Science and its Applications: Negotiating Human Enhancement across Media

28 Jan – 29 Jan 2021
FMS Digital Workshop organized by: Julia Gatermann (University of Bremen) Michael Fuchs (University of Oldenburg) Martin Butler (University of Oldenburg) Sina Farzin (Bundeswehr University Munich)

The conceptual boundary between “pure” science and its applications and technologies is still prevalent in science discourse. While some consider this boundary a helpful and productive distinction, others argue that “science” always already implies interaction with nature and society. The latter perspective productively opens the view to a wider context in which, especially in contemporary society, science and technology do not exist as separate fields, as the boundaries between them have blurred or even dissolved.

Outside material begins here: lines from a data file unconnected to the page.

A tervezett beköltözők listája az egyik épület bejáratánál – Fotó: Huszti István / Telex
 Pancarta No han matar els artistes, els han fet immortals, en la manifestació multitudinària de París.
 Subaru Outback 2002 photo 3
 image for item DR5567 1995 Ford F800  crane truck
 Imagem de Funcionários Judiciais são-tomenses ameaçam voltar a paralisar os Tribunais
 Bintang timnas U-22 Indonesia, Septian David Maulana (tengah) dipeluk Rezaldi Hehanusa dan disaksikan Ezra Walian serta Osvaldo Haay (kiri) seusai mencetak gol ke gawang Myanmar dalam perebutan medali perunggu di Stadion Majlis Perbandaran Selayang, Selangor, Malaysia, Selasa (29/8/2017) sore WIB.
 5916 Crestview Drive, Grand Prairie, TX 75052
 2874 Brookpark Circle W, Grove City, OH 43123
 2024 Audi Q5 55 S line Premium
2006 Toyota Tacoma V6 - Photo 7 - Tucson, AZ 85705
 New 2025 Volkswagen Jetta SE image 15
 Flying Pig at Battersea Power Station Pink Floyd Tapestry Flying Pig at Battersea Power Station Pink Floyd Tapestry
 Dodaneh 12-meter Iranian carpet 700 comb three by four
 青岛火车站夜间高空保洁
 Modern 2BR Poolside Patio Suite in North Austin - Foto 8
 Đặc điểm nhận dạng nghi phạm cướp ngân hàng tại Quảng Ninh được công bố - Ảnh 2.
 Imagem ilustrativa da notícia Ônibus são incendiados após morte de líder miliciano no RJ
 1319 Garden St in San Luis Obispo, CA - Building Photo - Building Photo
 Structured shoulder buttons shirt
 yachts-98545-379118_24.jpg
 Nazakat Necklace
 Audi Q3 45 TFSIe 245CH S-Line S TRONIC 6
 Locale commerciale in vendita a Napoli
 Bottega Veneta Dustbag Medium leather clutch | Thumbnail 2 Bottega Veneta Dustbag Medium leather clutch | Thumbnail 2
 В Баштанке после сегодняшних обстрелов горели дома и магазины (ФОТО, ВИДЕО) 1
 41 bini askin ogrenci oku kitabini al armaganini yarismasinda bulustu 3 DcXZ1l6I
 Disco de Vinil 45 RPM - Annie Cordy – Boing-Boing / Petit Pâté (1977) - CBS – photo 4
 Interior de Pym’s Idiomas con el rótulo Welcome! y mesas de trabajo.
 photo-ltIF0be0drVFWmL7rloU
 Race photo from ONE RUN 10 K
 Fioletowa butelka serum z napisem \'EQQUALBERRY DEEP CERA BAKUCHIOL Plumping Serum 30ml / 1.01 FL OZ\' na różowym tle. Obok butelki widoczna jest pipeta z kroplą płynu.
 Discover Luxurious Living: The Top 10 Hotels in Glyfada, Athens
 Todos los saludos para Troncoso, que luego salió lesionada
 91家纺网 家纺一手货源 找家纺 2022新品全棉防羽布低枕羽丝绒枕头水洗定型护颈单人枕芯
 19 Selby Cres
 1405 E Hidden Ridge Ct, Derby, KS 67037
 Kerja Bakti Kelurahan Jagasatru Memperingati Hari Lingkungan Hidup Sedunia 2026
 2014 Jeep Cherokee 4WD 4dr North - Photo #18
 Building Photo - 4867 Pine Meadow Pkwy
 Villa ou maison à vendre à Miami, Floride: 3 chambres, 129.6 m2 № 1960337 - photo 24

One of the key sites of these intersections between science, technology, and their socio-cultural contexts is the field of human enhancement and augmentation. Here, the promise of a ‘better life,’ on the one hand, and breakthroughs in areas such as medicine, biology and engineering, on the other, create a mutually reinforcing dynamic that contributes to an ever-increasing entanglement between research, technological developments and societal discourse. Challenging the very nature of what we conceive of as “nature” or “human”, developments in this field have also regularly fueled (and been fueled by) the technoscientific imaginary articulated in different medial formats, ranging from literary renderings of bodily enhancement to virtual augmentation of reality.

The complex connections and contradictions between science and its applications are particularly visible in the field of human enhancement and augmentation. The field both informs and is informed by a variety of collective imaginaries in which it is the nodal point for discourses on scientific and technological progress as well as on the social responsibility that comes with it. Research in the field responds to the impulses and demands from society at the same time that it provokes our fears and anxieties in a most dynamic and sometimes volatile way, confronting us with the question of how we (have come to) conceive of ourselves as humans: Some consider recent scientific explorations of bodily modifications

that seem to transcend the limitations of human embodiment promising contributions to the ongoing optimization of society, others observe these developments with skepticism. In Western culture in particular, there is a prevailing dialectic that perceives the body as simultaneously dispensable and in need of improvement. As Sherryl Vint notes, a return to a notion of embodied subjectivity is essential to the articulation of the ethical implications of these technologies (Bodies of Tomorrow 8).

The field of human enhancement thus requires exploration not only from the perspectives of the sciences and engineering, but also from those of social, cultural, and literary studies. In this workshop we will explore cultural forms of negotiating human enhancement--including the roles of science and technology--and their projections of “the human” into the future.